[Information — start]
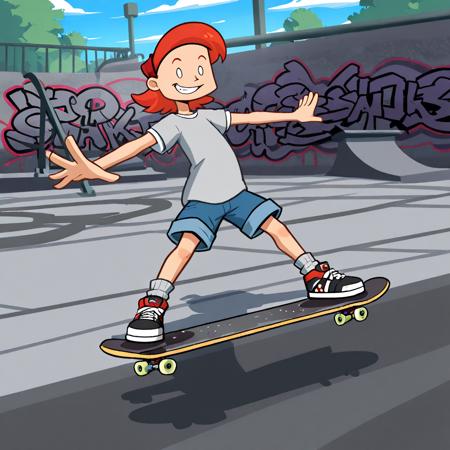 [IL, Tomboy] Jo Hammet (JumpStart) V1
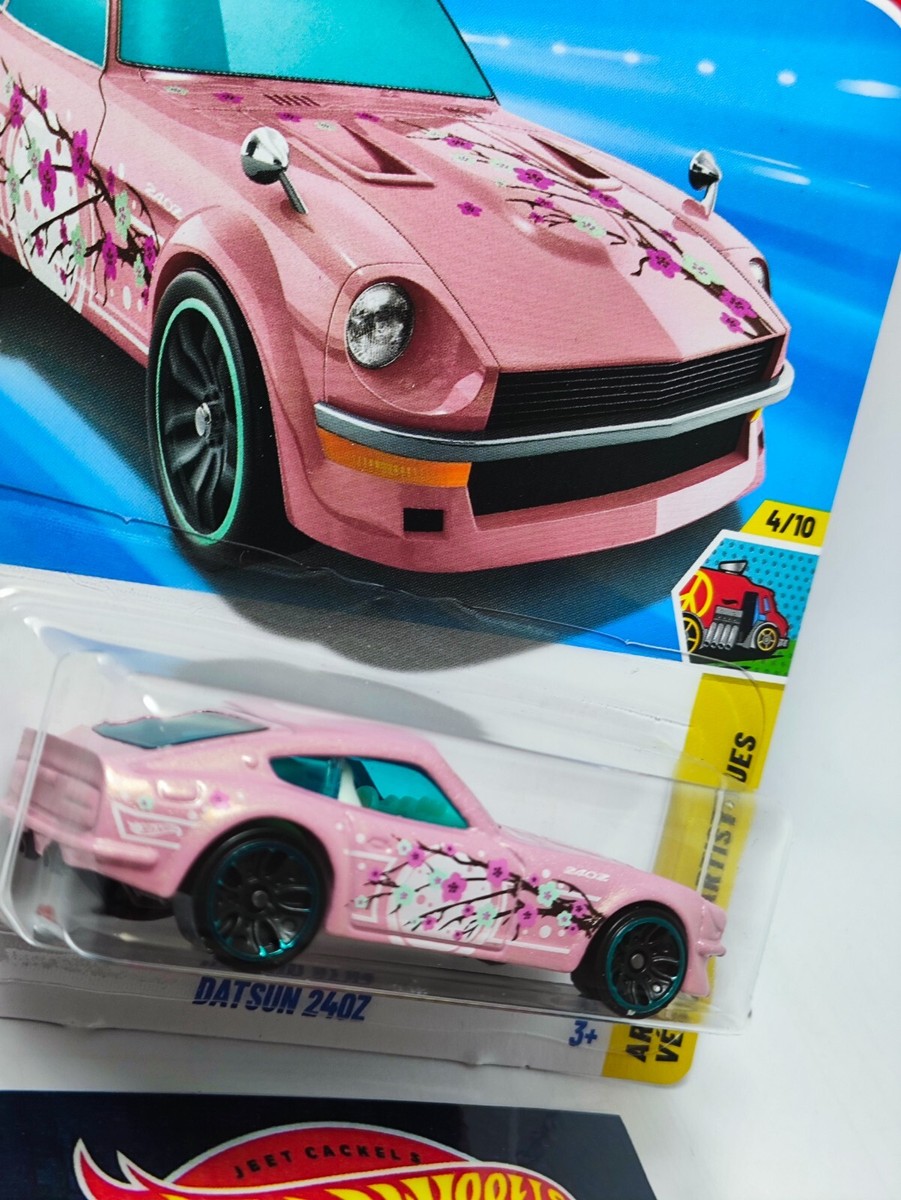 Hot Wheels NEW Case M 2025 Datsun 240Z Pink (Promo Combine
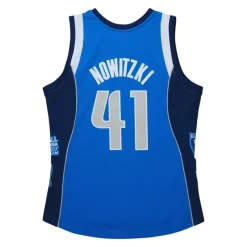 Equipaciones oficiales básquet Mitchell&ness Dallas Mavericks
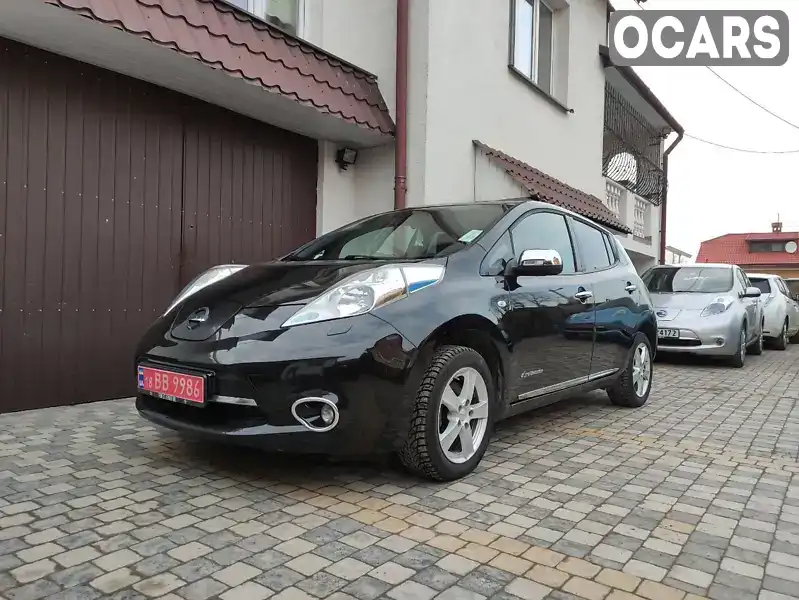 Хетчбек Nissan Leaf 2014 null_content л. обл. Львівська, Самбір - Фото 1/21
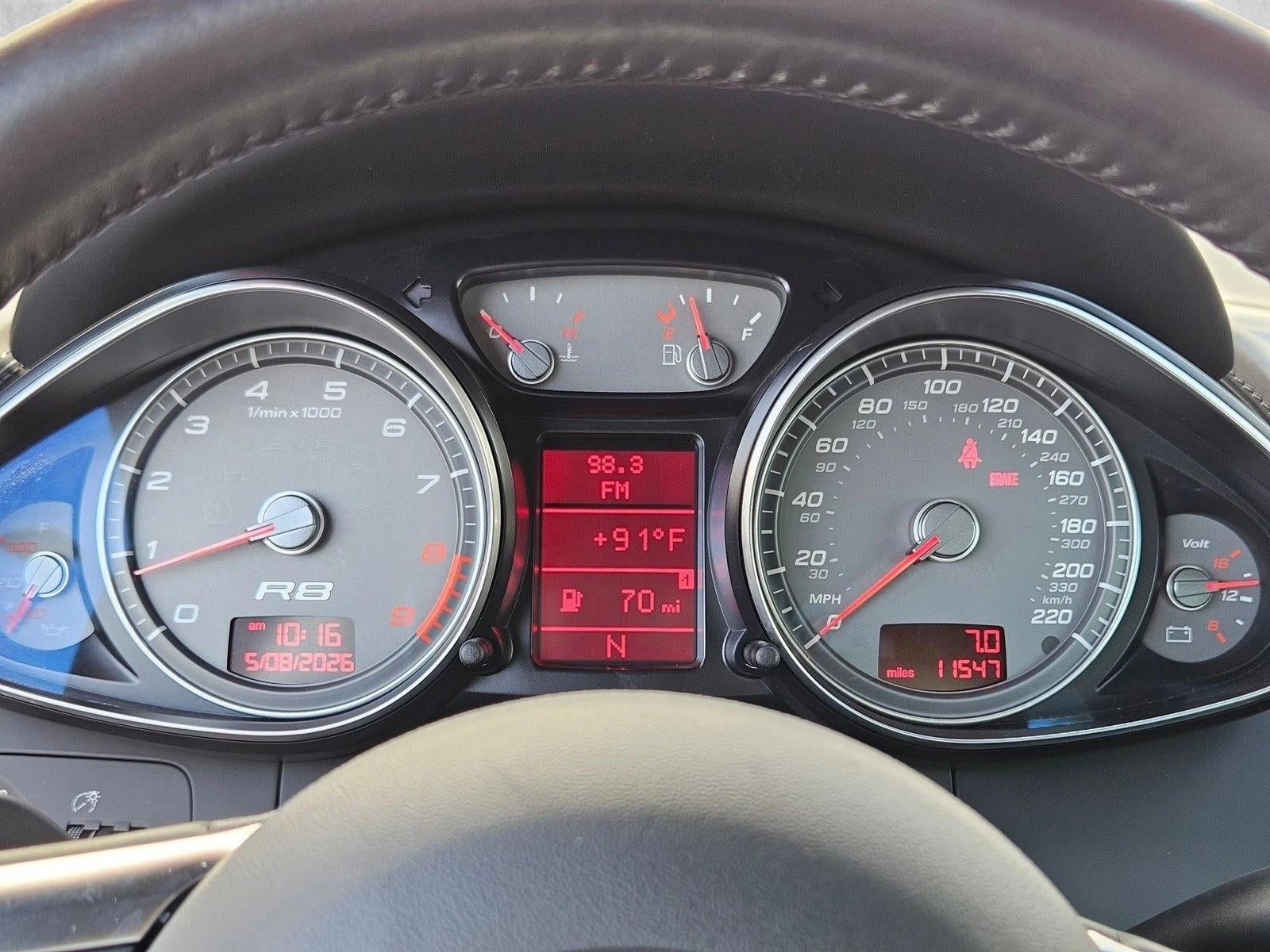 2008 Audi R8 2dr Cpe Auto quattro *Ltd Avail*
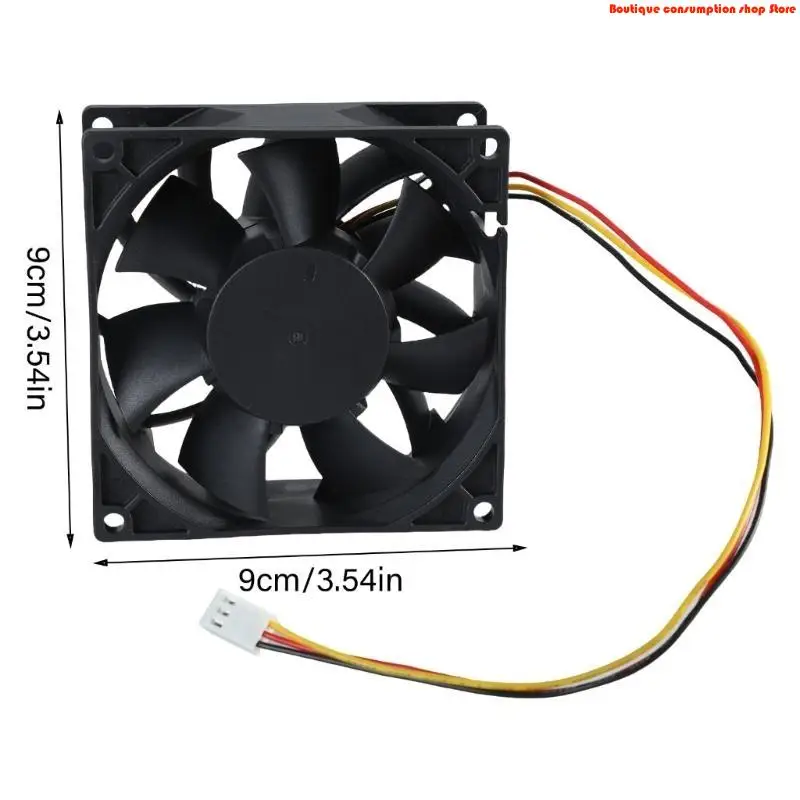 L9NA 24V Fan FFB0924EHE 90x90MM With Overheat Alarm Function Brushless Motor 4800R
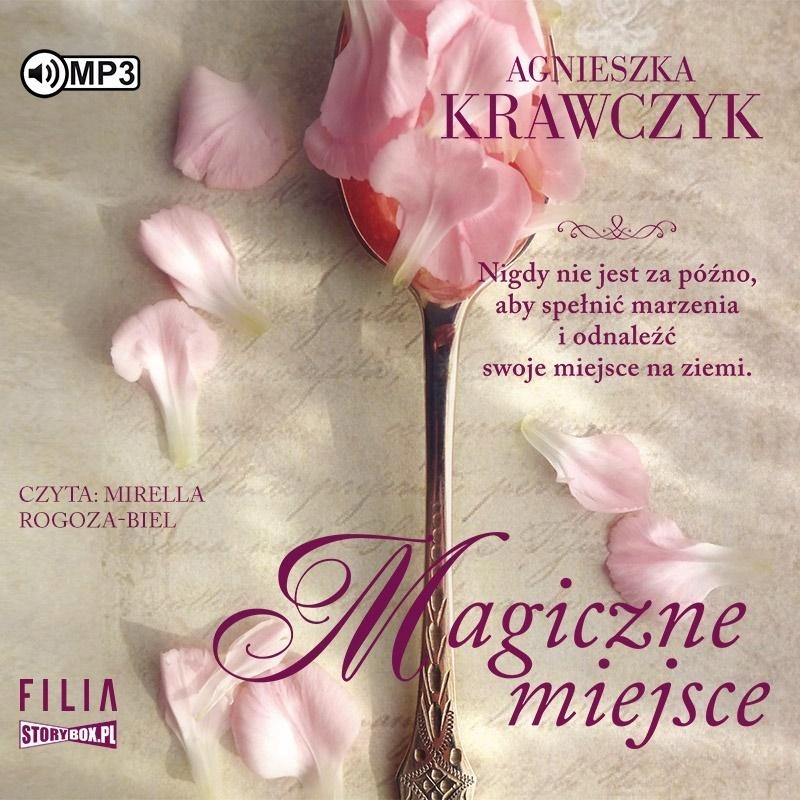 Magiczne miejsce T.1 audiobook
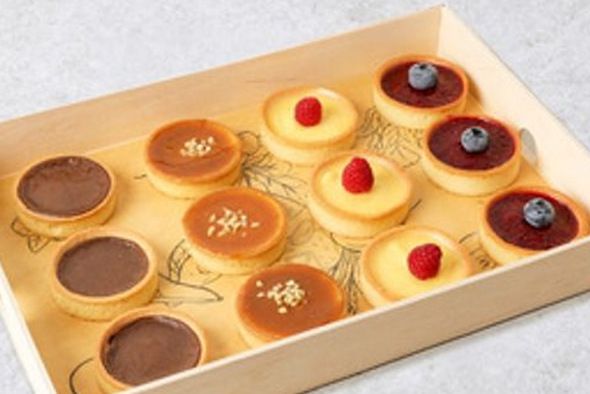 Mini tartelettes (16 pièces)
[Information — finish]
__Problem details__
Each line from the start of the entries to the line holding "Хетчбек Nissan Leaf" is to be given again exactly, both ends included, and each picture is to be left out.

__Exercise solution__
 [IL, Tomboy] Jo Hammet (JumpStart) V1
 Hot Wheels NEW Case M 2025 Datsun 240Z Pink (Promo Combine
 Equipaciones oficiales básquet Mitchell&ness Dallas Mavericks
 Хетчбек Nissan Leaf 2014 null_content л. обл. Львівська, Самбір - Фото 1/21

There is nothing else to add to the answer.